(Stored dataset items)
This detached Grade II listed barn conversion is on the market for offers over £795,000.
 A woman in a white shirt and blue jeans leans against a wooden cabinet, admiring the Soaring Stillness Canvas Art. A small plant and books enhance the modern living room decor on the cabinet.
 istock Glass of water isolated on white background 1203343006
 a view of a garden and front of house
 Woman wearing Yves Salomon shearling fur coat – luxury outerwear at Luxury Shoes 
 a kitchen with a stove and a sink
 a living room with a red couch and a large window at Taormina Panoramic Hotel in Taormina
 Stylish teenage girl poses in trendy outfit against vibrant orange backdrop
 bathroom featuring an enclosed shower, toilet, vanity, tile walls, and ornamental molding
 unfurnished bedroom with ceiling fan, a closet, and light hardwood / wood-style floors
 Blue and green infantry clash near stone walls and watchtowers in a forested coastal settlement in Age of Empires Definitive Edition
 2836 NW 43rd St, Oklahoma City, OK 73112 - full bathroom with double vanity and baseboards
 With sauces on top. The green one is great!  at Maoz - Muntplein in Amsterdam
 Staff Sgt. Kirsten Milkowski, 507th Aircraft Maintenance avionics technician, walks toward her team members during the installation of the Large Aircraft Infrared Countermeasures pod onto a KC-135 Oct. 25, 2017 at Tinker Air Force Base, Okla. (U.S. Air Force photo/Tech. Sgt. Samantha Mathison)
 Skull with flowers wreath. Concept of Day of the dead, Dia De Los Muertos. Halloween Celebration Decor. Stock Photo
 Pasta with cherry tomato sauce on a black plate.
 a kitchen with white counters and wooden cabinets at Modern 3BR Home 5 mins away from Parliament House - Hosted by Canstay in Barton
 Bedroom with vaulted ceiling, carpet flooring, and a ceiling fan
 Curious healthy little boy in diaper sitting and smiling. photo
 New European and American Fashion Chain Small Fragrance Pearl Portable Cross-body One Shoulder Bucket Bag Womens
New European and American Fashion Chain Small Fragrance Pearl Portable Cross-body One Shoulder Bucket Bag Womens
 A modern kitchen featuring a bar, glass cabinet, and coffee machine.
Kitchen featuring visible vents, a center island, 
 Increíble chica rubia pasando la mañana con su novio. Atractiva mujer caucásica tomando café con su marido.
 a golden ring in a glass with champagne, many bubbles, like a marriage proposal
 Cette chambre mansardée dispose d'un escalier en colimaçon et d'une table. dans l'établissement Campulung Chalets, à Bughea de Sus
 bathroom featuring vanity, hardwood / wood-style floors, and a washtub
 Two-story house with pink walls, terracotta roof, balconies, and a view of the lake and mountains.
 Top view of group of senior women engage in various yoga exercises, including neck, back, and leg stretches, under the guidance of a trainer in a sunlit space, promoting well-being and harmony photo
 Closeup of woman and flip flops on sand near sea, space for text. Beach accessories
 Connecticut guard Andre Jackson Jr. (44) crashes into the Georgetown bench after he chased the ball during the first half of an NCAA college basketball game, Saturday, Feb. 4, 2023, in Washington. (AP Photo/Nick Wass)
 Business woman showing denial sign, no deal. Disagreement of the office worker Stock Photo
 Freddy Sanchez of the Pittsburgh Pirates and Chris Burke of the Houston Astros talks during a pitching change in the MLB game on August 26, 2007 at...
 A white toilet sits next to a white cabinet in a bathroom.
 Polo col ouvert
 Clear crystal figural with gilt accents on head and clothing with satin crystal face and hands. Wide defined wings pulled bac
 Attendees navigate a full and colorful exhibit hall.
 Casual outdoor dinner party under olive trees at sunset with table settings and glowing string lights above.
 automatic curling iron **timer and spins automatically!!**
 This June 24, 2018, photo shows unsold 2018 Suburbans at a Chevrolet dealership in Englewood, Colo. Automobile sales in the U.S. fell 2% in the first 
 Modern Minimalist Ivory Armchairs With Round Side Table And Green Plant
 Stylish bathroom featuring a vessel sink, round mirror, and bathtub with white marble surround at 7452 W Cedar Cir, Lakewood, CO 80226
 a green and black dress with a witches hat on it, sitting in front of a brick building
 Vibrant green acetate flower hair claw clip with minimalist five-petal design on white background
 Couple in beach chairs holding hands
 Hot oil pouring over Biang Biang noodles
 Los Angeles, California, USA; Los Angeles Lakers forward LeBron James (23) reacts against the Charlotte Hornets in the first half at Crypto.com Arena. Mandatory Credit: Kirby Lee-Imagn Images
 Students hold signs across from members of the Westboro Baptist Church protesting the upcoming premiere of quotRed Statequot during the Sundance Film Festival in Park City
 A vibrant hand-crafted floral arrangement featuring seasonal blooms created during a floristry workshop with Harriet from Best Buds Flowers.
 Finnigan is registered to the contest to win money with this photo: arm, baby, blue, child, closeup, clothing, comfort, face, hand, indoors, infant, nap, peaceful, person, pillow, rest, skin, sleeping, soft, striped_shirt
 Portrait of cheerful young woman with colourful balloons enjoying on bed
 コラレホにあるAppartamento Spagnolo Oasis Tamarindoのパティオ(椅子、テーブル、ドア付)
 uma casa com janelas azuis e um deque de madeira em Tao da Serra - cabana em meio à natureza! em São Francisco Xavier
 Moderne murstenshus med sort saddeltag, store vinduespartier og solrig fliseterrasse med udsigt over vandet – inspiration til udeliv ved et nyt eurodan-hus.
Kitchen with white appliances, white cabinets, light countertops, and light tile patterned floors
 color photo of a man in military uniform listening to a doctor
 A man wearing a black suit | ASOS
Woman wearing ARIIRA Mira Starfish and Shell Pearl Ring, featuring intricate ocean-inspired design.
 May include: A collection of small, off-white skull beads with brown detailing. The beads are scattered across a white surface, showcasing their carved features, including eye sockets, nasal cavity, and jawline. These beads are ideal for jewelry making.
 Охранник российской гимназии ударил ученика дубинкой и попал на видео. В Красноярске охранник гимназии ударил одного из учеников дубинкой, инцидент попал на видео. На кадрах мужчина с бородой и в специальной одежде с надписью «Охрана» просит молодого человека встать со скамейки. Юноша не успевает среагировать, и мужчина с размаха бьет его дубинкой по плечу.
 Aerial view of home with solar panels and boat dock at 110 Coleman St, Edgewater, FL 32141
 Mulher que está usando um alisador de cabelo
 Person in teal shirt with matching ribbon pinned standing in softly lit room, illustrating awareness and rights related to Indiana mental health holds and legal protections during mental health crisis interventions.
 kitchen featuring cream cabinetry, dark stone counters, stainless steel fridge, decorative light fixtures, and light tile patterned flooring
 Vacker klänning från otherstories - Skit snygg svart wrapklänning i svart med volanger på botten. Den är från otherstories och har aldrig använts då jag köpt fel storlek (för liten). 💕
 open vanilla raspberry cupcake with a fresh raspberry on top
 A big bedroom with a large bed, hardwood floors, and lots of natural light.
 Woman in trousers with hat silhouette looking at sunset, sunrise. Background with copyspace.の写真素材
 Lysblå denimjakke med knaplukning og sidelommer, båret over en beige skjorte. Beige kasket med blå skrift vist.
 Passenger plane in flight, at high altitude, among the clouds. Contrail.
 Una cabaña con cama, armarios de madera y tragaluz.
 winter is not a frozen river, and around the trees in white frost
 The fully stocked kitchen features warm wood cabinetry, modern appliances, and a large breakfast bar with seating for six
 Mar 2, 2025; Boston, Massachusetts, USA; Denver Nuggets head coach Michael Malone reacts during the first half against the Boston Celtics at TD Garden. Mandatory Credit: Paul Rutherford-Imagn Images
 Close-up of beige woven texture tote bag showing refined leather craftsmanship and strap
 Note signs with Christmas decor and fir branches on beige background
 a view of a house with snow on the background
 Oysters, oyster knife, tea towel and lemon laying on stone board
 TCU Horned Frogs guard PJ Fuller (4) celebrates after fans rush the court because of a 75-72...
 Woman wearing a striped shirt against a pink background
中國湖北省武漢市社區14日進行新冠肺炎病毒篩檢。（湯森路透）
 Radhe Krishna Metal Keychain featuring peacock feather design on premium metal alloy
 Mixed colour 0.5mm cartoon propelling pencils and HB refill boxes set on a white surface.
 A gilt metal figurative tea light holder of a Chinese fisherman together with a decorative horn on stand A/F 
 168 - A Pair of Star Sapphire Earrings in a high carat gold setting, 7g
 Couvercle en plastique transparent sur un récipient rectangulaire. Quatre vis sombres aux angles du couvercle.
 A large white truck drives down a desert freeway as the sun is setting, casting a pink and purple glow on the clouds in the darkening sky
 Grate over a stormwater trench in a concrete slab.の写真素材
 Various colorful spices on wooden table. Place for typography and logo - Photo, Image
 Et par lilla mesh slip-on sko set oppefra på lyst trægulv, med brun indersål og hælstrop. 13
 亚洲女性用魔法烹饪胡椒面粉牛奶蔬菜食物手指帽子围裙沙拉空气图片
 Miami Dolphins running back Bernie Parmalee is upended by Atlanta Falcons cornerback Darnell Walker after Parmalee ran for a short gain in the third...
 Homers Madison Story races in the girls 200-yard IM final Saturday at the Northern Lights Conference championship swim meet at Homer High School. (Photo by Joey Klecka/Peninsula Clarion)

What the exercise asks:
Check each line in the entries above for the string "の写真素材", then give the number of matching lines alone.

Response below:
2